Microsoft’s support for Windows XP has officially ended. Those systems still running XP are vulnerable to hackers accessing data or being turned into a bot-net to spread viruses and malware. Maintaining an up-to-date anti-virus software isn’t enough to keep a system running XP secure. It’s time to ditch XP once and for all. Luckily, there are reasonably-priced options so that you can replace your XP relic without needing a second mortgage.
“Do I have to switch to Windows 8.1? I hear it’s a big change from XP.”
It’s true that Windows XP users will feel more at home with Windows 7 than with Windows 8 which has some distinct and noticeable differences in appearance and navigation from earlier versions of Windows. You don’t have to migrate to Windows 8.1 if you’d prefer to stick with a more familiar OS. New PCs are available from most major retailers with Windows 7, though you won’t have as much selection as if you opt for Windows 8 and Microsoft plans to end support for that OS in 2020.
“Can I upgrade my existing machine to Windows 7?”
The short answer is, probably not. If your PC came with Windows XP pre-installed, your hardware is likely to be at least ten years old. Even if you bought a top-of-the-line machine back then, it’s not going to be worth upgrading compared to buying a new PC.
The system requirements for Windows 7 are listed on Microsoft’s support site: http://windows.microsoft.com/en-us/windows7/products/system-requirements. Compare the specifications listed with those of your PC, which you can find by right-clicking on My Computer and selecting properties. Keep in mind that the requirements listed are the bare minimum for the software to run, but to function moderately well without system crashes you’ll want at least 3GB of RAM (the requirements list 1GB or 2GB depending on your processor type) and 500GB of hardware space (to accommodate the OS as well as your other data and programs).

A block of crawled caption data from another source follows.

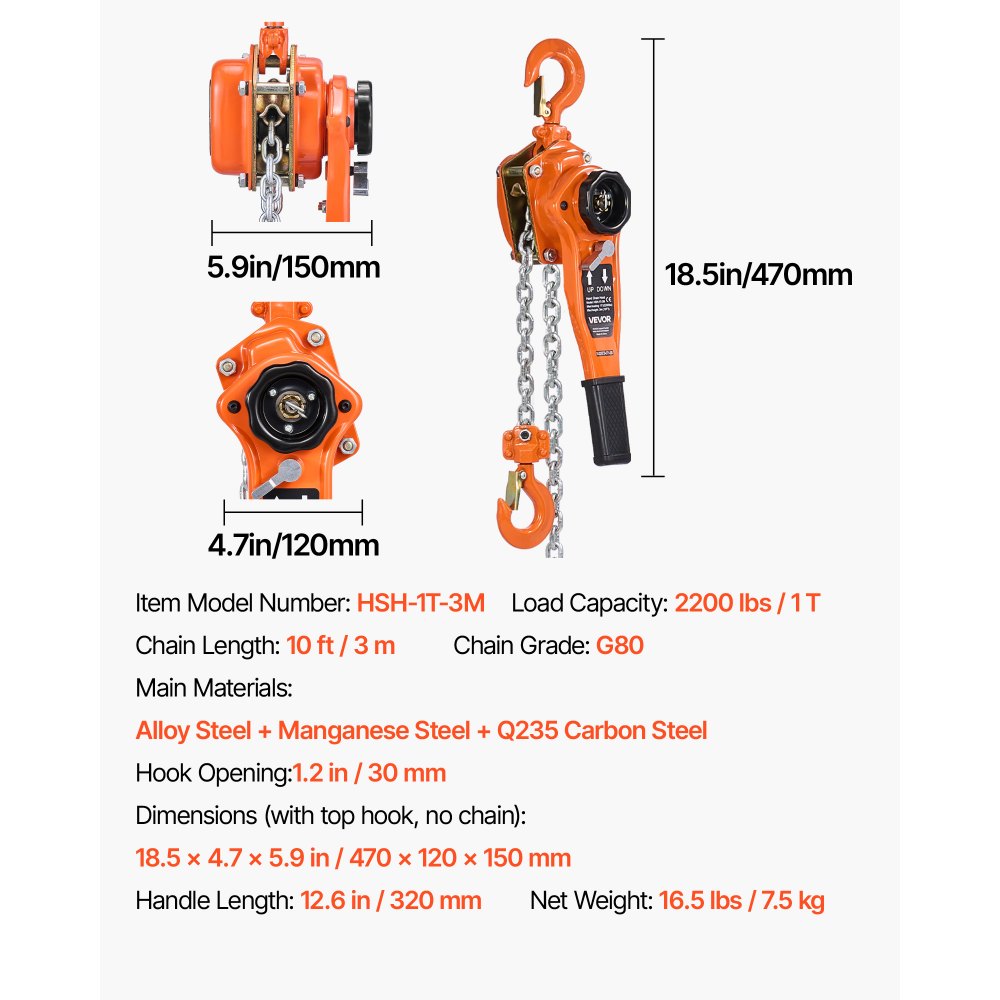 VEVOR Manual Lever Chain Hoist, 1T 2200LBS Capacity Heavy Duty Come Along, 10FT Lift G80 Alloy Steel Chain With Dual Pawl Mechanical Brake,360°Rotating Hooks, for Warehouse Construction Garage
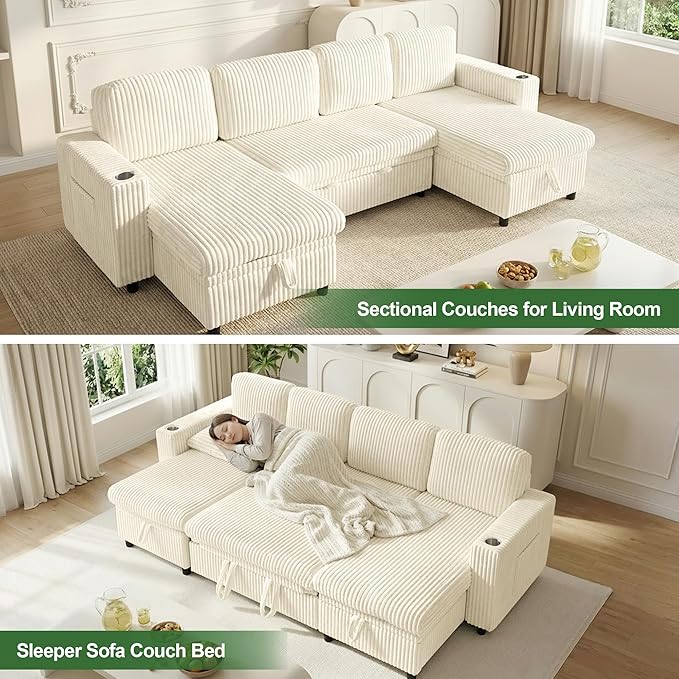 Sectional Couches for Living Room Sectional Sleeper Sofa with Pull Out Bed Modular Corner Sofa with Storage Convertible Sofa Bed for Living Room Bedroom and Apartment Beige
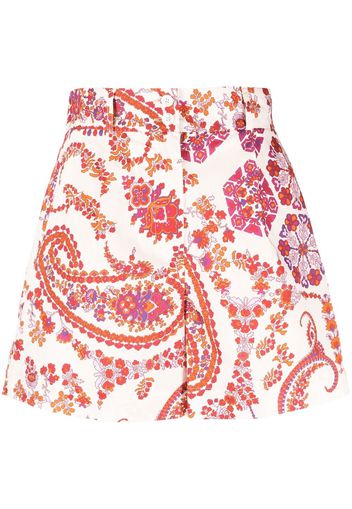 Woolrich paisley-print high-waist shorts - Nude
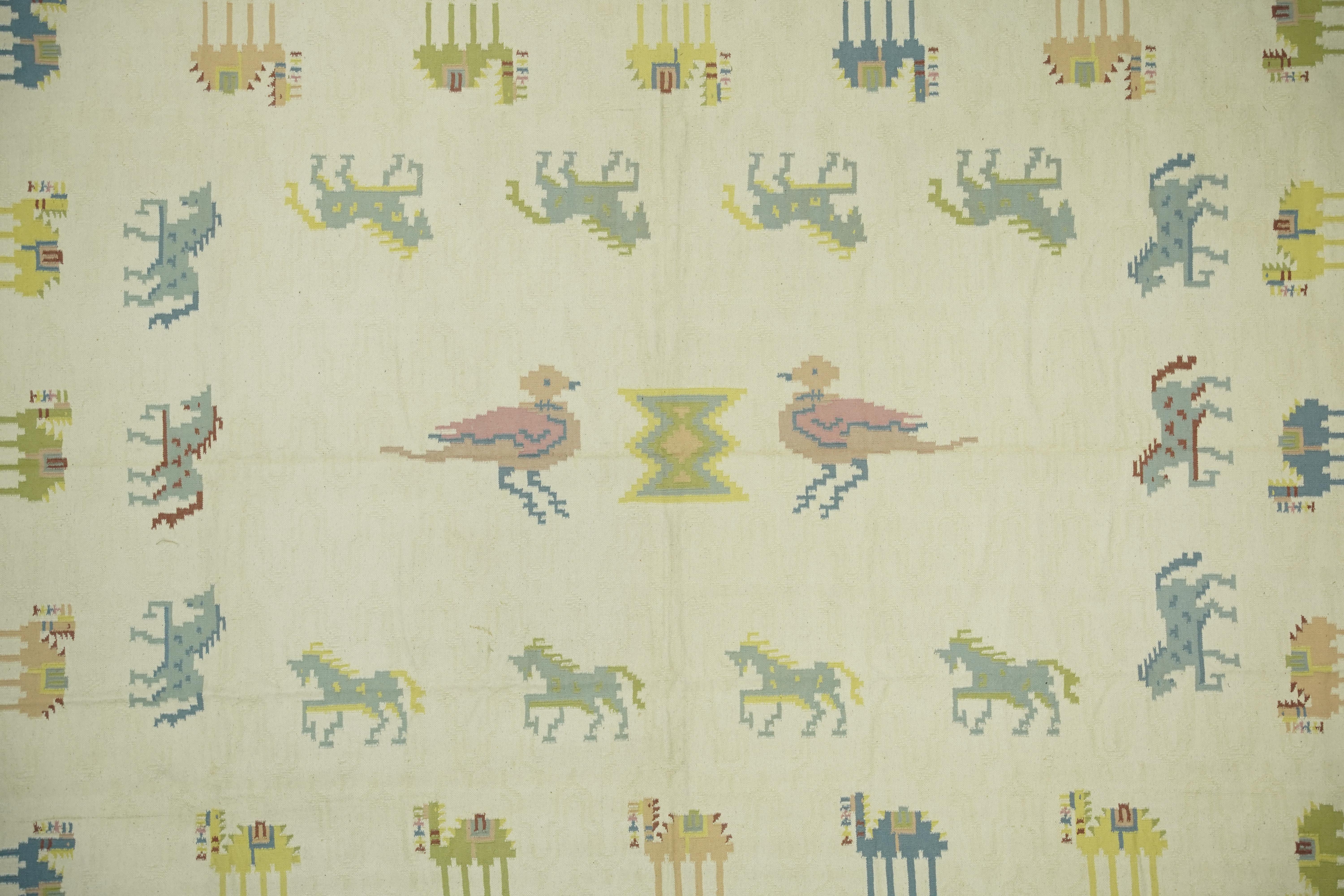 Hand-Woven Vintage Dhurrie Rug in Cream and Blue with Animal Pictorials, from Rug & Kilim  For Sale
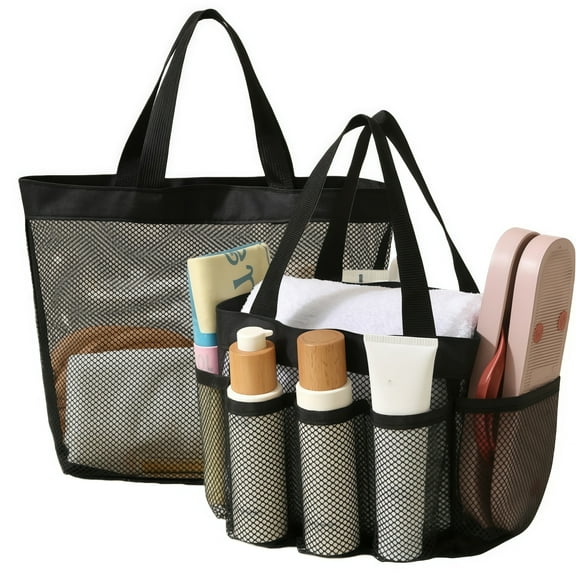 2 Pack Mesh Shower Caddy Set , Quick Dry Hanging Shower Tote Bag for Travel Use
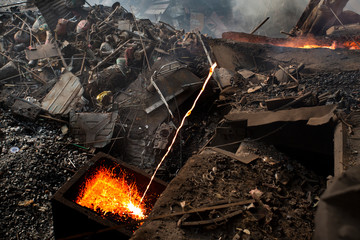 Blast Furnace - Pouring molten steel in foundry at Demra, Dhaka, Bangladesh.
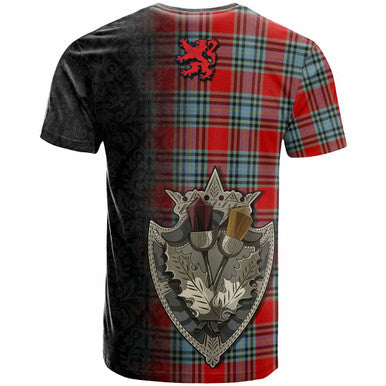 Scottish MacLeay Clan Tartan T-Shirt - Half Thistle Flowers Celtic Design Back Side Tartan Plaid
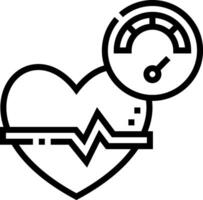 Heart rate icon with a thermometer and heartbeat vector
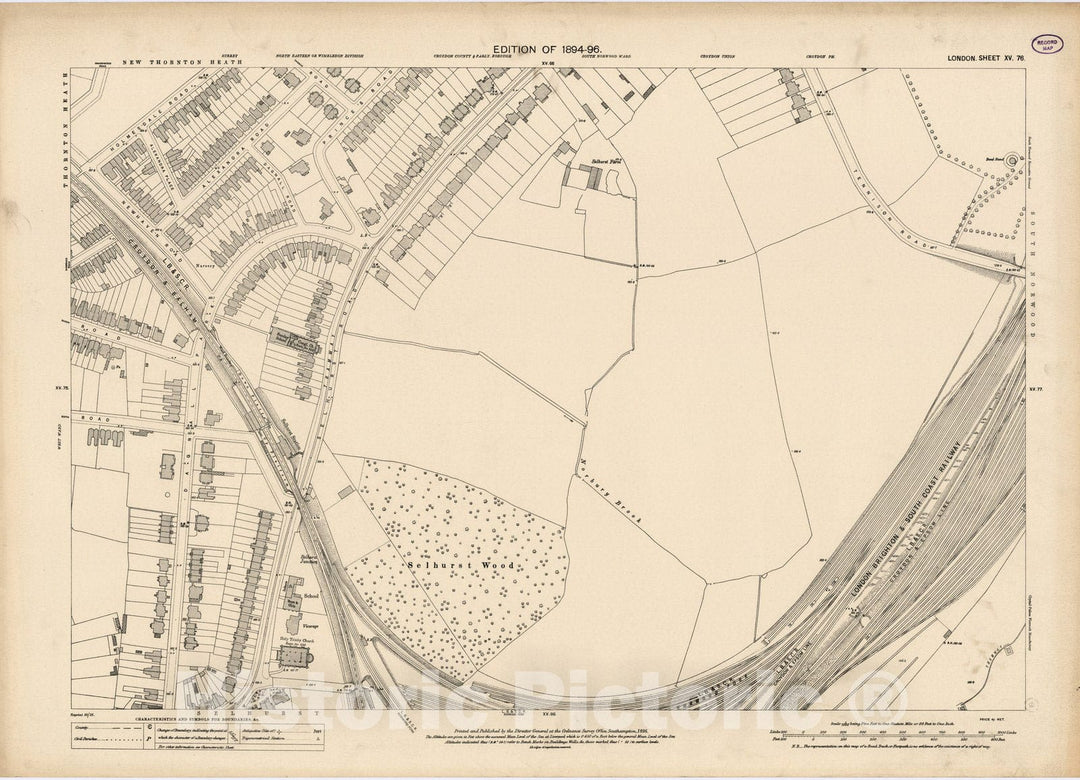 Historic Map : London (England), City Atlas Map, London Sheet XV.76 1896 - Vintage Wall Art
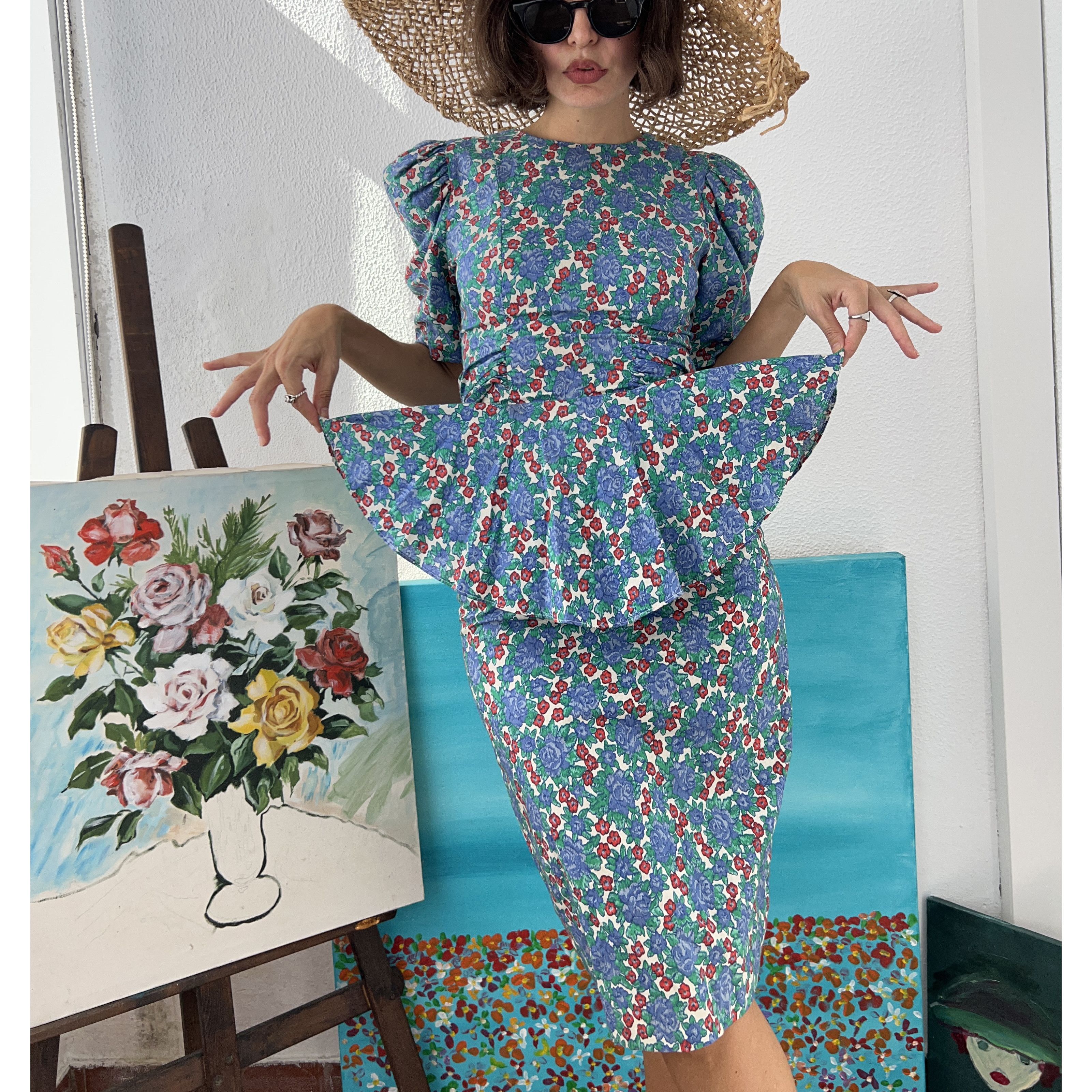 Vintage 80s Vintage Floral Cotton Midi Dress Size M / US 6-8 / IT 42-44 - 3 Thumbnail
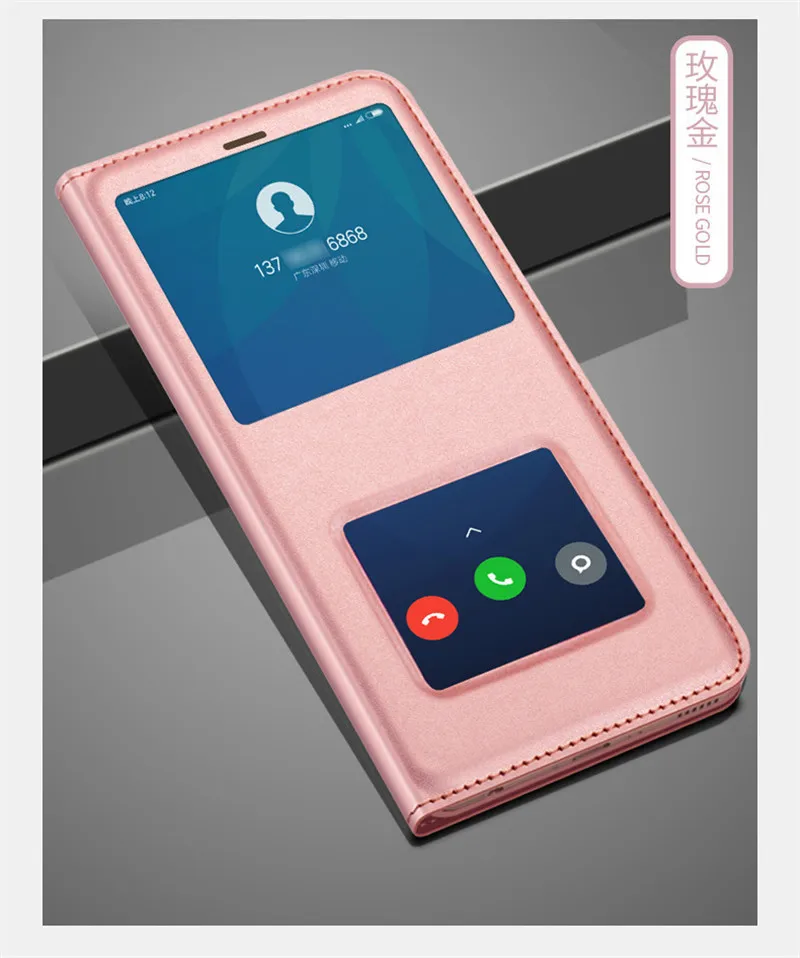 Rose gold case Отвечая кожа флип чехол для телефона чехлы на для Xiaomi Mi A2 lite A1 A2 закаленное Стекло Футляр Полный Защитная крышка на для сяоми ксиоми ми а1 a2 Лайт чехол книжка - Цвет: Rose gold case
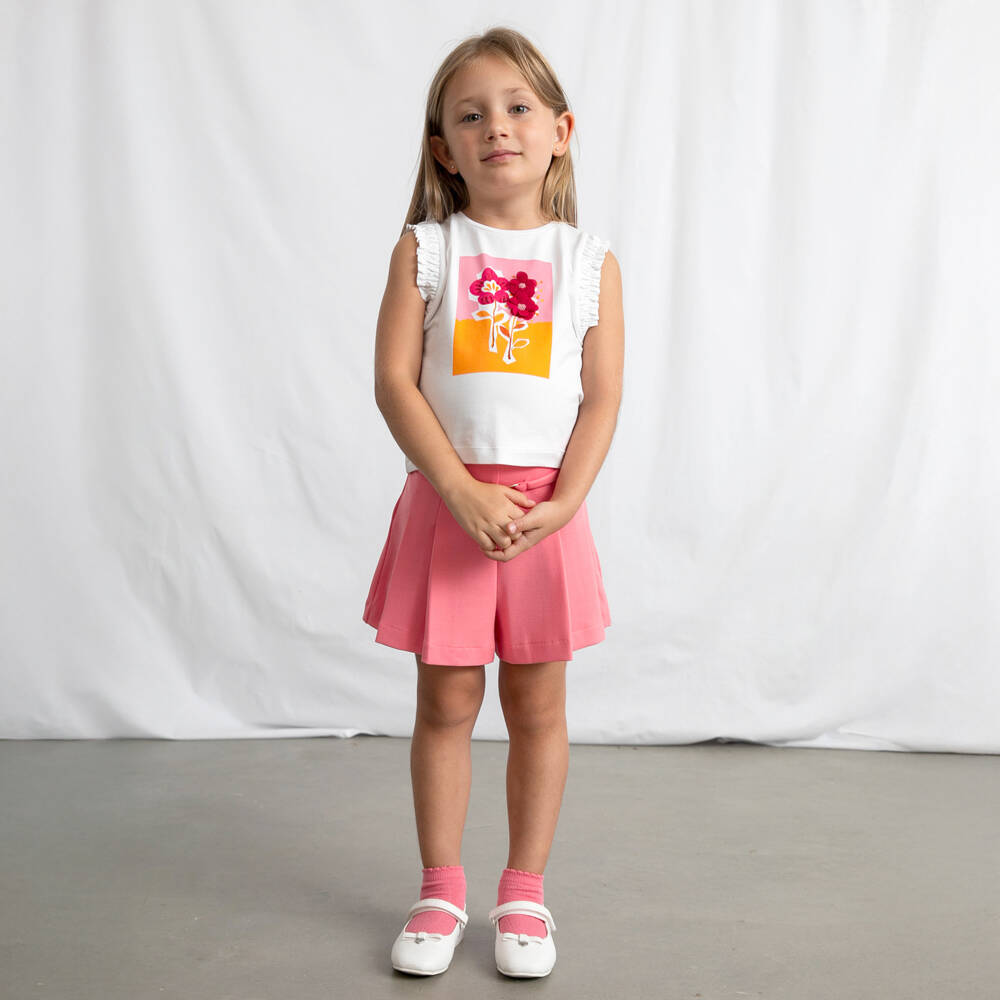 Mayoral-Girls White & Pink Cotton Sleeveless Flower T-Shirt | Childrensalon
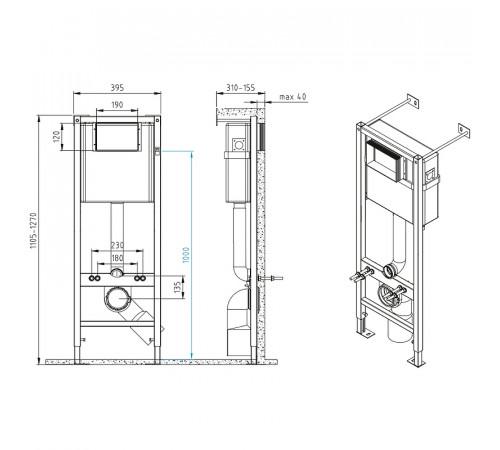 Комплект унитаза Cersanit Sreet Fusion Vortex DPL EO Slim с инсталляцией Vector 64578 с сиденьем Микролифт и клавишей смыва Хром глянцевый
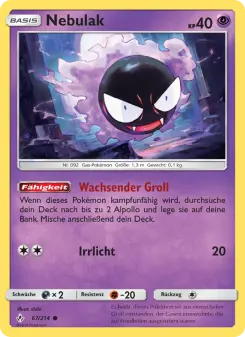 Pokémon-Karte Nebulak 067/214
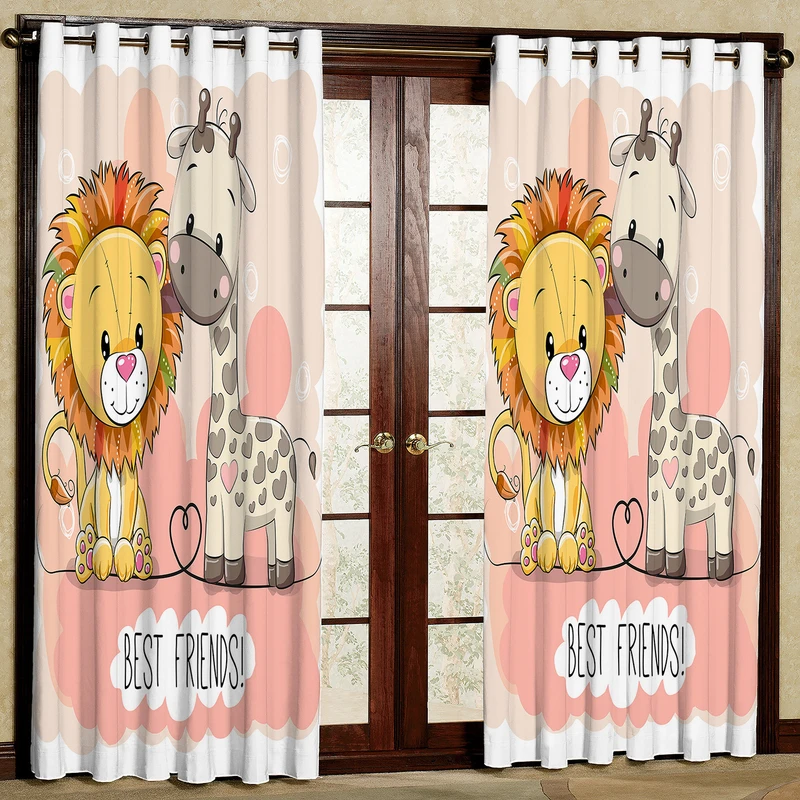 پرده مدل شیر و زرافه مخمل پانچی کد 1034 سایز 140x280 سانتی متر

Spending $100 (or likely more) on the software and more to upgrade hardware isn’t a great investment when antiquated components could conk out at any time. You can get a basic, low-end new PC for as little as $350 with hardware that will be drastically better than a 10 year old machine.
If you’ve been upgrading your hardware over the years and believe it’s capable of running Windows 7 as-is, your next hurdle will be getting your hands on the software to install Windows 7. Microsoft is only supplying retailers with Windows 8.1, so you can’t walk into your local office supply stire and pick up a Windows 7 upgrade disk. A computer repair company may be able to get you an OEM version of Windows 7, but since OEM software is intended to be installed on a custom-build machine Microsoft frowns on service providers using it to upgrade.
Installing an OEM product will return your system to “factory-fresh,” meaning no data and no additional programs installed. Before you install a new OS, you’ll need to do a full backup of your data and track down the installation software (and registration codes, if applicable) for everything you have installed on your machine that you’d like to continue using.
To be fair, this step isn’t much different from migrating your data to a new PC, other than that if you forget to transfer something you’ll still have it on your old PC. If you backup your files, format your hard drive and install a new OS, there’s no way to go back a retrieve any information you forgot to backup.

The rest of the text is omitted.